Parameter Golf: What Really Works?
Pith reviewed 2026-07-03 20:47 UTC · model grok-4.3
The pith
Community contest submissions cut language model BPB from 1.2244 to 1.058 despite most single techniques adding under 1%.
A machine-rendered reading of the paper's core claim, the machinery that carries it, and where it could break.
Core claim
The verified leaderboard score dropped from 1.2244 to 1.058 BPB across three phases -- a 13.6% reduction, despite individual techniques rarely improving BPB by more than 1%. We show that most gains in techniques shrink across competitive submissions, isolating the few methods that improve performance across stacks.
What carries the argument
The taxonomy of 84 optimization techniques extracted from the 1,430 submissions, together with per-technique contribution measurements to BPB.
If this is right
- Only a minority of techniques retain their BPB gains once many submissions compete.
- Overall score improvement can still reach double digits even when every single technique stays below 1 percent.
- Techniques must be evaluated for cross-stack robustness rather than isolated peak effect.
- Diminishing returns appear for the majority of common optimizations under tight artifact budgets.
Where Pith is reading between the lines
- Re-running the contest with the same techniques but new participants would test whether the observed shrinkage is due to selection or to genuine interactions.
- The same measurement approach could be applied to other constrained training settings such as mobile or edge models.
- Future work could measure pairwise interactions among the few persistent techniques to explain why they combine better than the rest.
Load-bearing premise
The 1,430 clean scored submissions and the derived taxonomy of 84 techniques provide an unbiased and complete basis for attributing BPB improvements to specific optimizations rather than to unmeasured interactions or selection effects in the contest data.
What would settle it
A controlled replication that applies the isolated top techniques to fresh model stacks outside the original contest and checks whether the full 13.6 percent BPB reduction is recovered.
Figures
read the original abstract
How far can a language model improve under a strict artifact budget? Parameter Golf posed this question as an open community challenge in which participants trained the best language model, with the complete artifact (training code + compressed weights) required to fit within 16 MB and be trained in under ten minutes on 8xH100 SXM GPUs. Quality was measured in bits-per-byte (BPB), the average number of bits required to encode each byte of unseen text. We analyze 2,037 pull requests and 1,430 clean scored submissions from the contest, build a taxonomy of 84 optimization techniques, and measure each technique's contribution to BPB. The verified leaderboard score dropped from 1.2244 to 1.058 BPB across three phases -- a 13.6% reduction, despite individual techniques rarely improving BPB by more than 1%. We show that most gains in techniques shrink across competitive submissions, isolating the few methods that improve performance across stacks.
Editorial analysis
A structured set of objections, weighed in public.
Referee Report
Summary. The paper analyzes 2,037 pull requests and 1,430 scored submissions from the Parameter Golf contest, in which participants optimized language models to fit within a 16 MB artifact budget and train in under 10 minutes on 8xH100 GPUs. It constructs a taxonomy of 84 optimization techniques, attributes BPB improvements to them, and reports that the verified leaderboard score fell from 1.2244 to 1.058 BPB (13.6% reduction) across phases, with most individual techniques contributing <1% and gains shrinking over time, while isolating a small set of methods that improve performance across stacks.

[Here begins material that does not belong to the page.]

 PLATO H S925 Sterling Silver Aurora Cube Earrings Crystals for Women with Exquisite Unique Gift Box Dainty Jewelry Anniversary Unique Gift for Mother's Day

Significance. If the per-technique attributions prove robust, the work supplies a large-scale empirical map of what optimizations matter under tight compute and size constraints, highlighting diminishing returns and cross-stack generalizers. The scale of the contest data and the explicit taxonomy constitute a reproducible resource for the community.
major comments (3)
- [Abstract / §4] Abstract and §4 (results): The central claim that the 13.6% BPB reduction can be decomposed into contributions from the 84-technique taxonomy rests on observational contest submissions without reported statistical methods, confidence intervals, or controls for co-occurrence and sequential dependence. Later high-scoring entries are conditioned on earlier ones, so observed deltas cannot be cleanly attributed to individual techniques rather than interactions, survivor bias, or search effort.
- [§3] §3 (taxonomy construction): The assignment of the 84 techniques to the 1,430 submissions is described as post-hoc labeling; without pre-specified criteria, inter-annotator reliability metrics, or sensitivity checks to alternative taxonomies, the isolation of 'few methods that improve performance across stacks' risks circularity with the leaderboard ordering itself.

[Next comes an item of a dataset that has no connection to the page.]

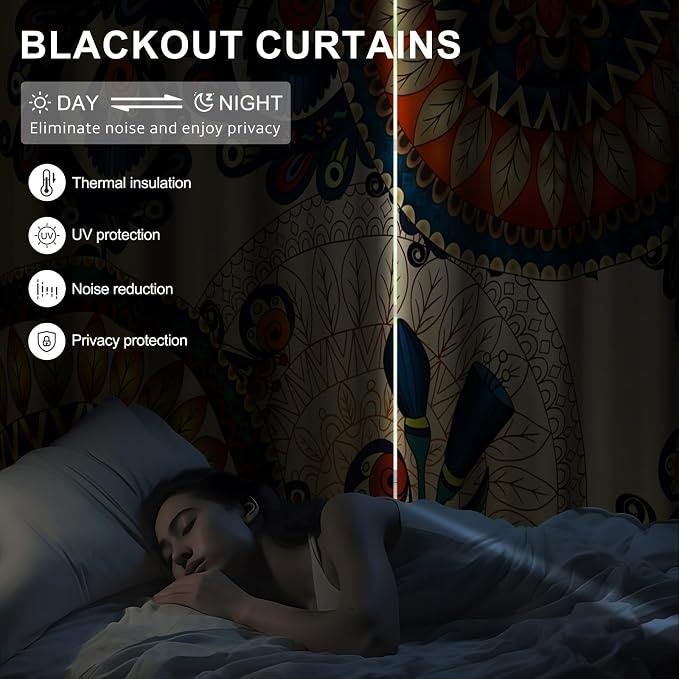 Boho Blackout Curtains for Bedroom and Living Room, Spring Thermal Insulated Darkening Drapes, Mandala Pattern Grommet Soundproof Black Out Curtains 84 Inches Long 2 Panels Set with Curtain Tiebacks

- [§4.2] §4.2 (per-technique measurement): No matched-pair ablations, randomized controls, or regression models with interaction terms are mentioned to separate main effects from confounders; the reported shrinkage of gains across phases therefore cannot be distinguished from selection effects in the competitive data.
minor comments (2)
- [Abstract] Abstract: 'verified leaderboard score' is used without a definition of the verification procedure or exclusion criteria for the 1,430 clean submissions.
- [§2] The manuscript would benefit from an explicit statement of how BPB is computed on the held-out text and whether the same evaluation set was used across all phases.
Simulated Author's Rebuttal
We thank the referee for the detailed and constructive comments. We address each major point below, indicating revisions where we agree changes are warranted while defending the observational nature of the study.
read point-by-point responses
-
Referee: [Abstract / §4] Abstract and §4 (results): The central claim that the 13.6% BPB reduction can be decomposed into contributions from the 84-technique taxonomy rests on observational contest submissions without reported statistical methods, confidence intervals, or controls for co-occurrence and sequential dependence. Later high-scoring entries are conditioned on earlier ones, so observed deltas cannot be cleanly attributed to individual techniques rather than interactions, survivor bias, or search effort.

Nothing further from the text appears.